> **What is required**: Produce a faithful copy of every record below, without the pictures.

Crawled caption data:
..........

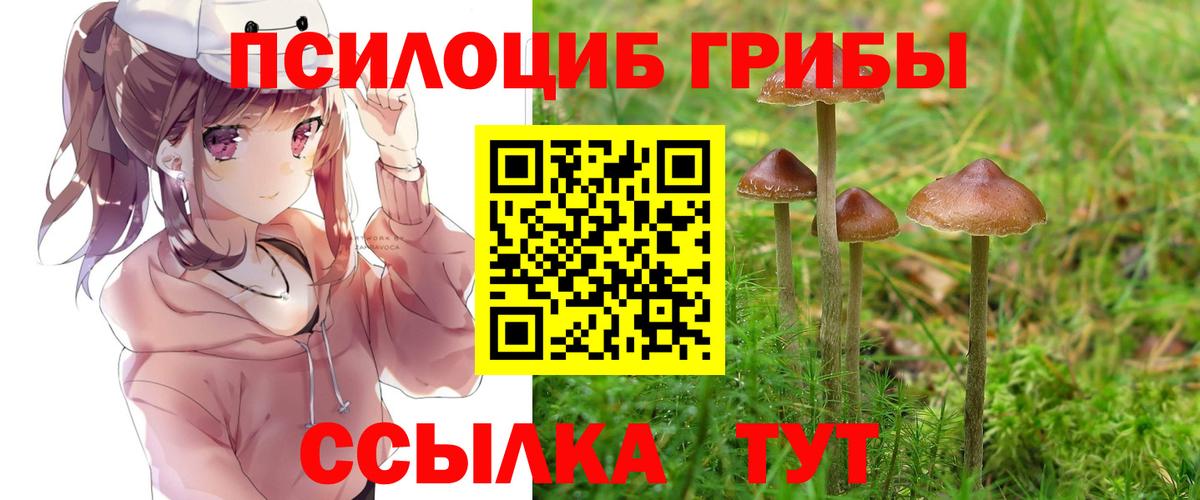 Галлюциногенные грибы прущие грибы Людиново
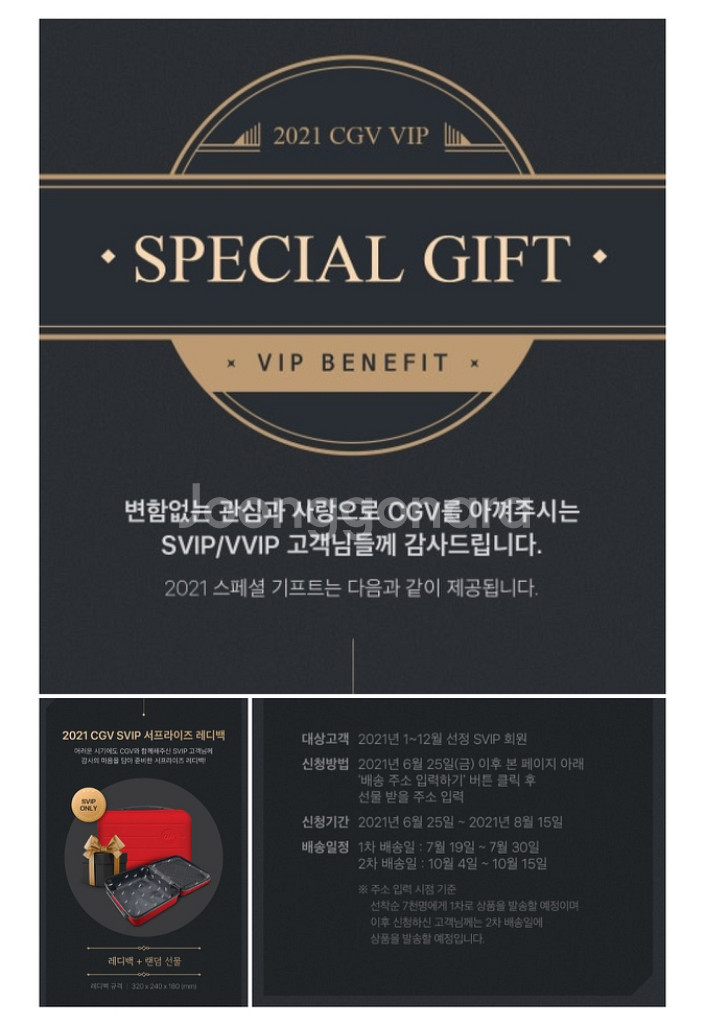 cgv vip 레디백 미니캐리어--3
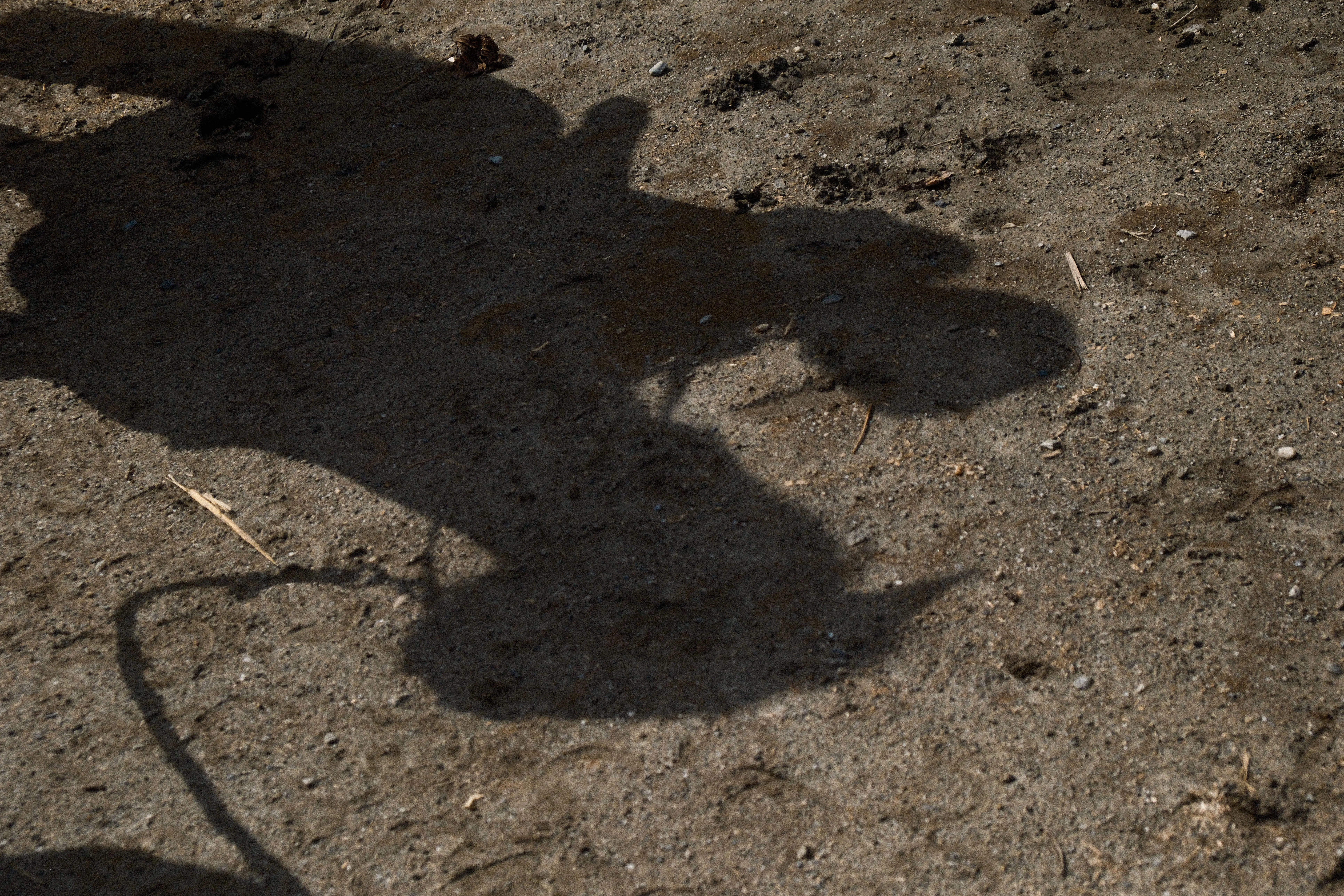 Silent on Horseback - Image 3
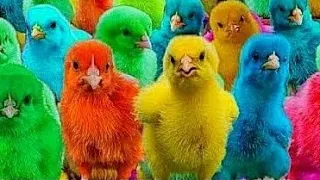 Catch Cute Chickens, Colorful Chickens, Rainbow Chickens, Rabbits, Ducks, Cute Animals 🐤🐥🐣#72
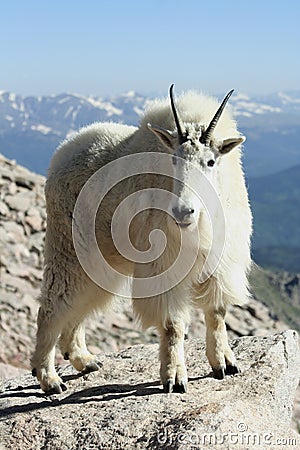 On Top of Mount Evans Stock Photo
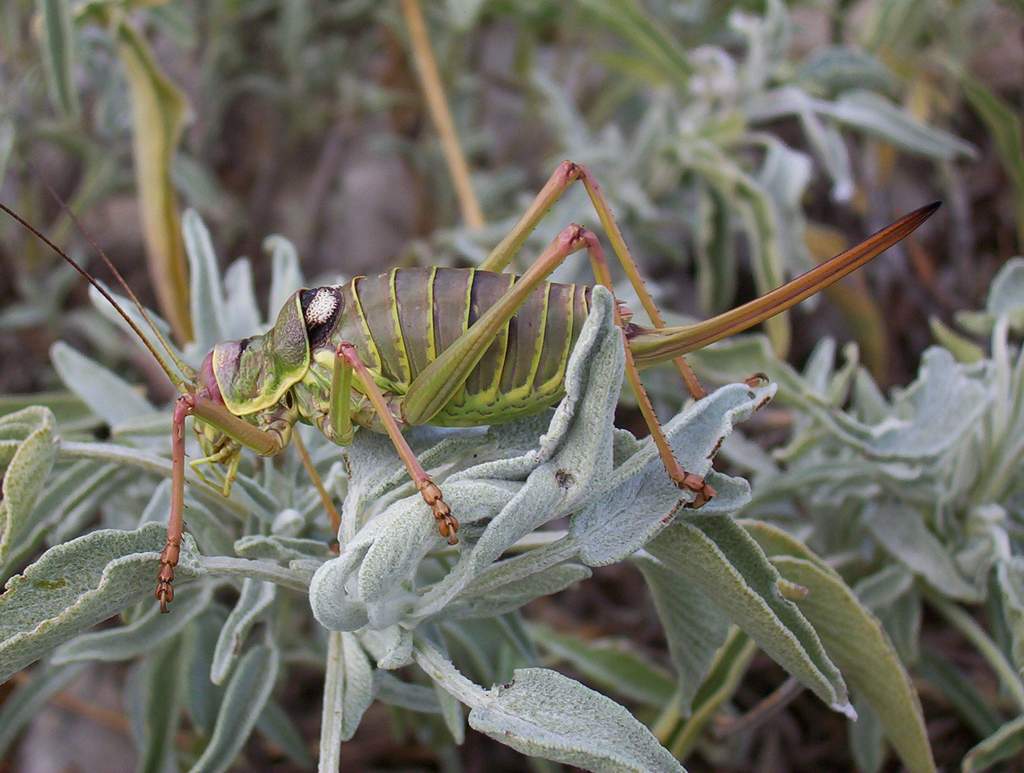 photo "Strange insect" tags: nature, insect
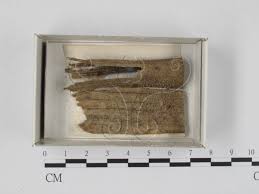 Attēlu rezultāti vaicājumam “Craterium leucocephalum”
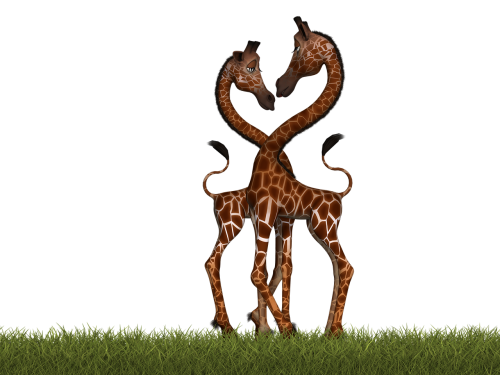 Žirafa, Žinduolis, Juokinga, Fantazija, Skaitmeninis Menas, Izoliuotas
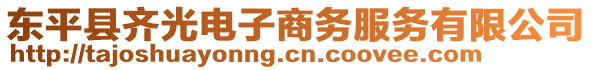 東平縣齊光電子商務服務有限公司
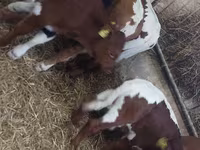 公牛, Simmental cattle — 照片 5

..........

> **Solution to this exercise**:
 Галлюциногенные грибы прущие грибы Людиново
 cgv vip 레디백 미니캐리어--3
 Silent on Horseback - Image 3
 Catch Cute Chickens, Colorful Chickens, Rainbow Chickens, Rabbits, Ducks, Cute Animals 🐤🐥🐣#72
 On Top of Mount Evans Stock Photo
 photo "Strange insect" tags: nature, insect
 Attēlu rezultāti vaicājumam “Craterium leucocephalum”
 Žirafa, Žinduolis, Juokinga, Fantazija, Skaitmeninis Menas, Izoliuotas
 東平縣齊光電子商務服務有限公司
 公牛, Simmental cattle — 照片 5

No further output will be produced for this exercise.